Data segment:
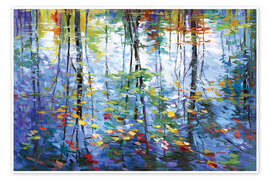 Stampa Impressionistic Reflection of Autumn Trees on Water - Leon Devenice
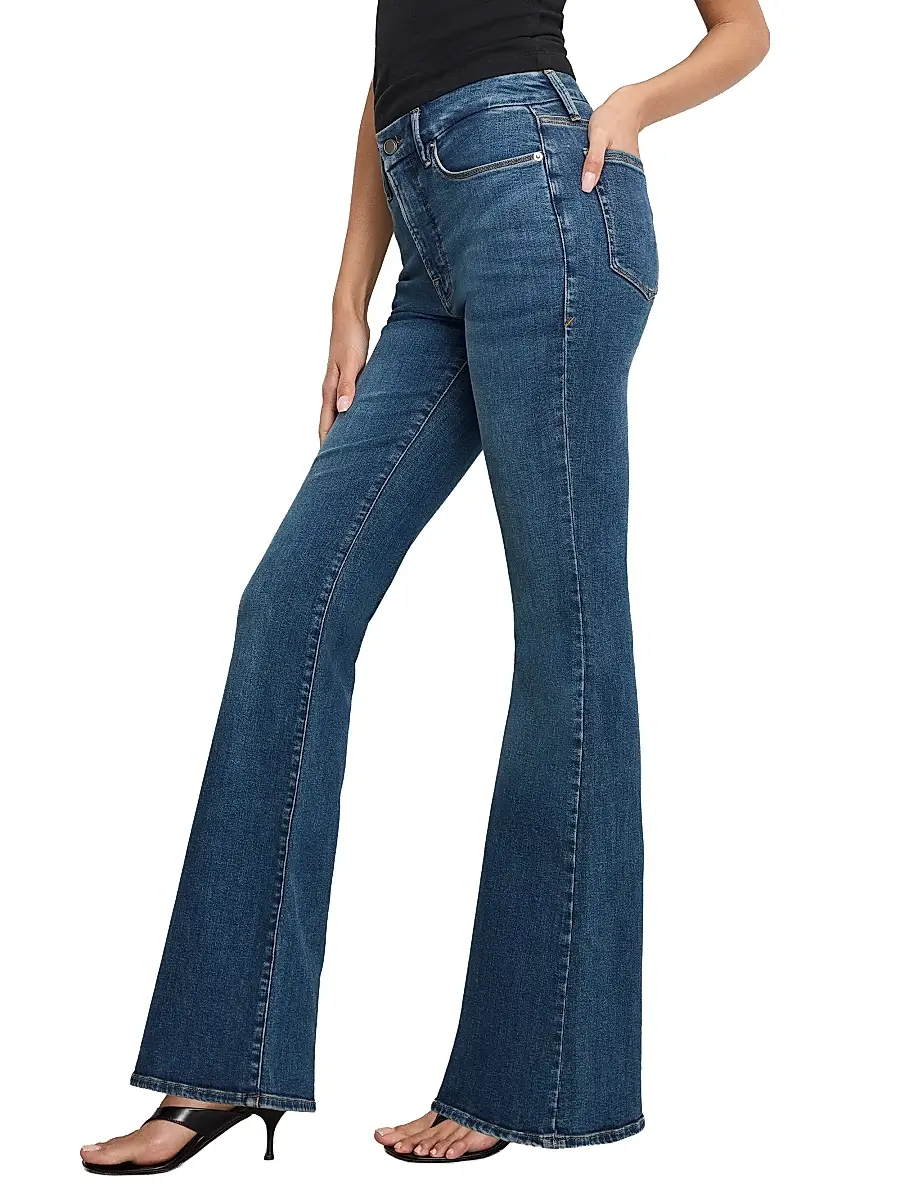 GOOD AMERICAN Women's Good Legs High-Rise Flare Jeans | Thumbnail 4 GOOD AMERICAN Women's Good Legs High-Rise Flare Jeans | Thumbnail 4
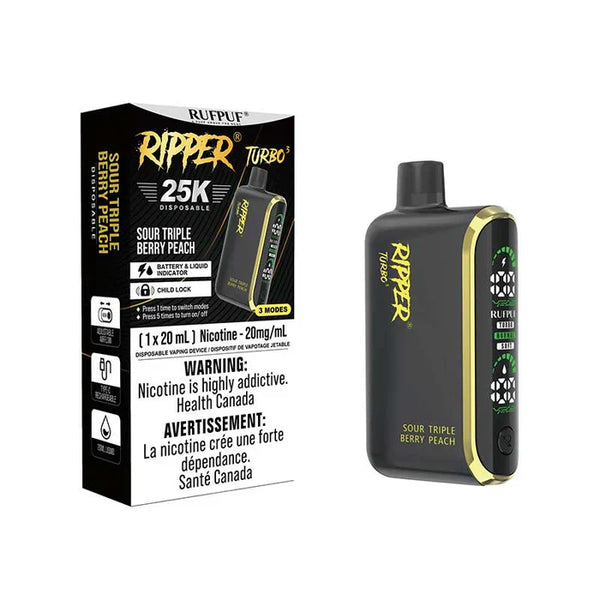 Ripper Turbo 3 Sour Triple Berry Peach Disposable | Urban Mist Vapes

Your task: Pictures included in the data should be dropped; everything else must be repeated exactly.

Answer space:
 Stampa Impressionistic Reflection of Autumn Trees on Water - Leon Devenice
 GOOD AMERICAN Women's Good Legs High-Rise Flare Jeans | Thumbnail 4 GOOD AMERICAN Women's Good Legs High-Rise Flare Jeans | Thumbnail 4
 Ripper Turbo 3 Sour Triple Berry Peach Disposable | Urban Mist Vapes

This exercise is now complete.